* It promotes actually looking at the code before considering it done
* It promotes refactoring
* It helps to prevent breaking changes for stuff that wasn't supposed to change
* The tests doesn't actually test functionality, edge cases etc, just that things doesn't crash in a happy-path.
* Any changes to an implementation breaks a test needlessly, because the test tests specifics of the implementation, not correctness. Thus it makes refactoring actually harder, since your test said you broke something, but you probably didn't, and now you have to double the work of writing a new test.
* In codebases for dynamic languages, most of what these tests end up catching is stuff a compiler would catch in a statically typed language.
(x,y) => x + y
Orgs targeting code coverage write a test for 1,2 => 3 and get 100% coverage and then stop as there is no incentive to go further. They don't write tests for say (1,null)
(null,null)
('x',1)
(NaN, Infinity)
and so on.. these additional tests will improve coverage of scenarios and code coverage will not move.I have seen projects where a test will have sequence of steps which trigger the code but the assertion is effectively true === true, or they will replicate the same function in the test instead of generating proper mock data or myriad different absurd testing approaches. This comes from twin pressure of showing coverage and having tests pass.
Coverage is also a challenge in code which uses AI/ML libraries or that use third party services. These really need statistical testing with large volume of diverse well maintained samples and results need statistical analysis for error rates not different from how manufacturing does it, I don't see that often. For code using face detection for example a single face getting detected or not is hardly an adequate test.
Finally, it is easier to improve coverage by testing simpler code than improve coverage/ refactor a function which has say 10 nested branches, so it is not uncommon to see 90% coverage and 10% of the most used / most error prone code poorly or not tested at all.
There are some methods to address these like mutation testing, do retros for failure of tests to capture production bugs, it is not easy to measure and coverage driven orgs will not see their metrics moving by doing these.
Well written test suites will also have good coverage, but not necessarily other way around. Developers who care and understand what they are doing and why they are doing it, will use coverage as only the first step to see where there are gaps in their tests.

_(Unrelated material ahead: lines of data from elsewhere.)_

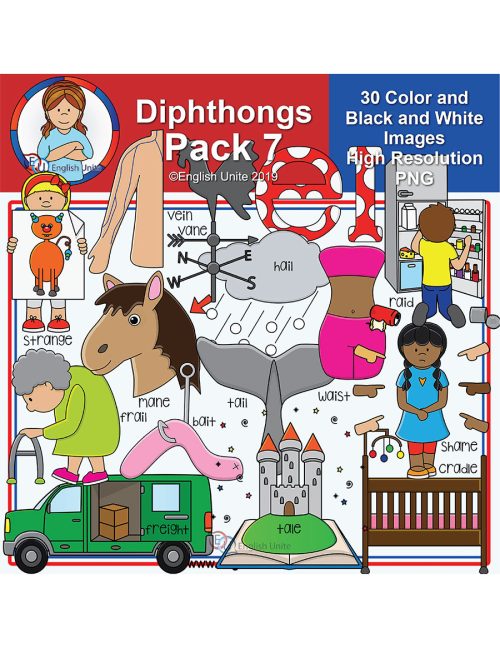 clip art - diphthong pack 7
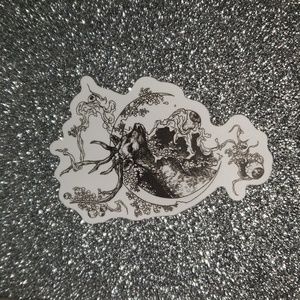 Art CELESTIAL Deer waterproof Sticker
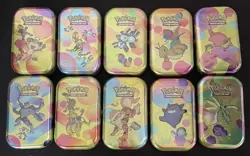 Pokemon SV Scarlet & Violet 151 Mini Tins Complete Lot of 10 FULL ART SET SEALED - Image 1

Tests are also code that need peer reviewed and maintained, if the tests depend on implementation and constantly break or contains improper mocks or assert poorly. A lot of not well written tests is hindrance to development than aid it.
[1] Yes, most of these are not applicable in a strongly typed language, but it is far easier as a illustration .
This is low coverage.
> Any changes to an implementation breaks a test needlessly, because the test tests specifics of the implementation, not correctness.
This is bad design.
> In codebases for dynamic languages, most of what these tests end up catching is stuff a compiler would catch in a statically typed language.
So they are not useless.
No, as a sibling comment to mine shows, it's actually easy to make 100% coverage with bad tests, since one doesn't challenge the implementation to handle edge cases.

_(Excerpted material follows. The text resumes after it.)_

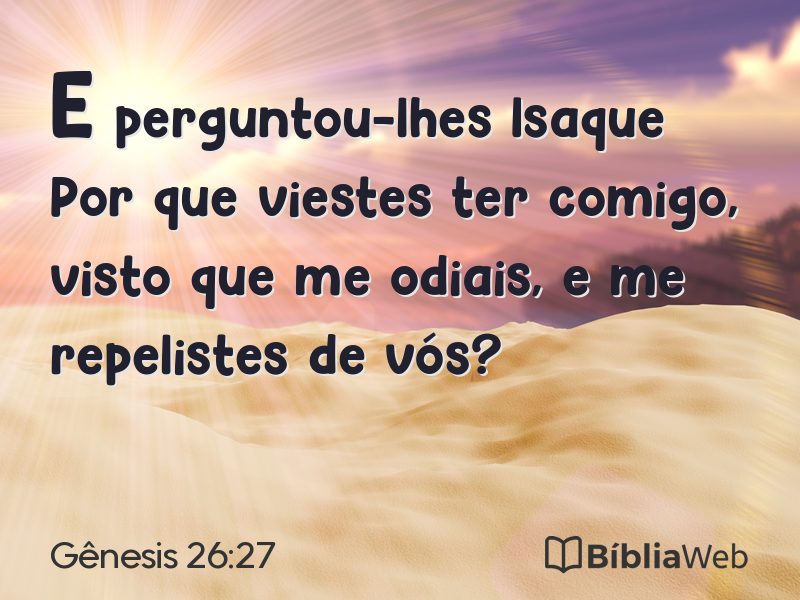 Gênesis 26:27 em imagem para compartilhar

I am not aware of any language (outside of intentionally-minimalist esolangs) that doesn't support floating point numbers. In some languages (like JavaScript) that's the only kind of number you get.

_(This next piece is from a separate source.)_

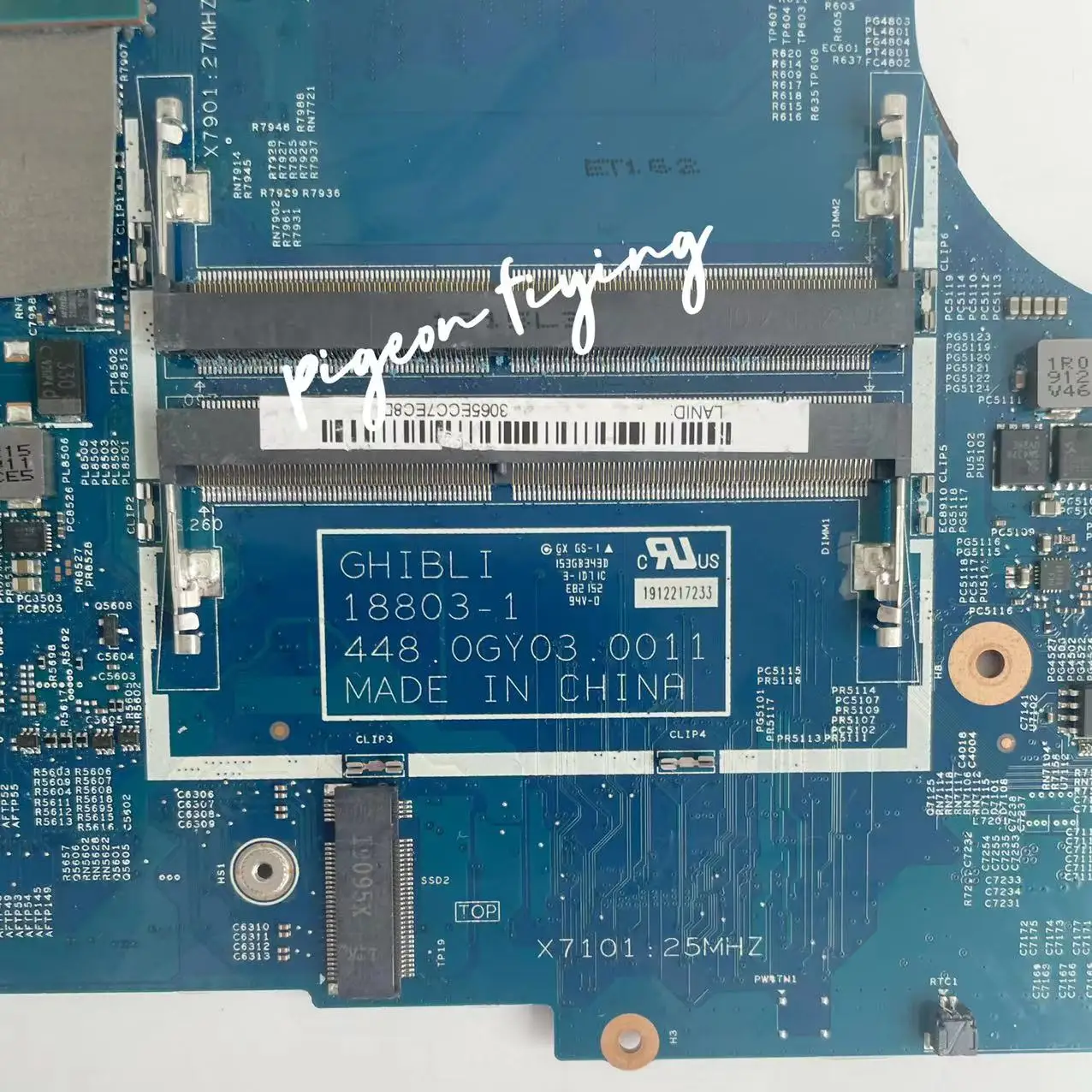 Imagem -06 - Placa-mãe Portátil para Acer Teste ok 188031 448.0gy03.0011 Pt51551 Cpu I7-9750 Srf6u Gup:n18e-g2-a1 Rtx2070 8gb Ddr4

It was a pretty thorough study:
> Our study is the largest to date in the literature: we generated 31,000 test suites for five systems consisting of up to 724,000 lines of source code. We measured the statement coverage, decision coverage, and modified condition coverage of these suites and used mutation testing to evaluate their fault detection effectiveness. We found that there is a low to moderate correlation between coverage and effectiveness when the number of test cases in the suite is controlled for.
Given their data, their conclusion seems pretty plausible:
> Our results suggest that coverage, while useful for identifying under-tested parts of a program, should not be used as a quality target because it is not a good indicator of test suite effectiveness.
That's certainly how I approach testing: I value having a thorough test suite, but I do not treat coverage as a target or use it as a requirement for other people working on the same project.
[1]: https://neverworkintheory.org/2021/09/24/coverage-is-not-str...
AFAIK, «high coverage» may have different meaning for different people. For me, it's «high quality», for others it's «high percentage», e.g. «full coverage» or «80% coverage», which is easy to OKR.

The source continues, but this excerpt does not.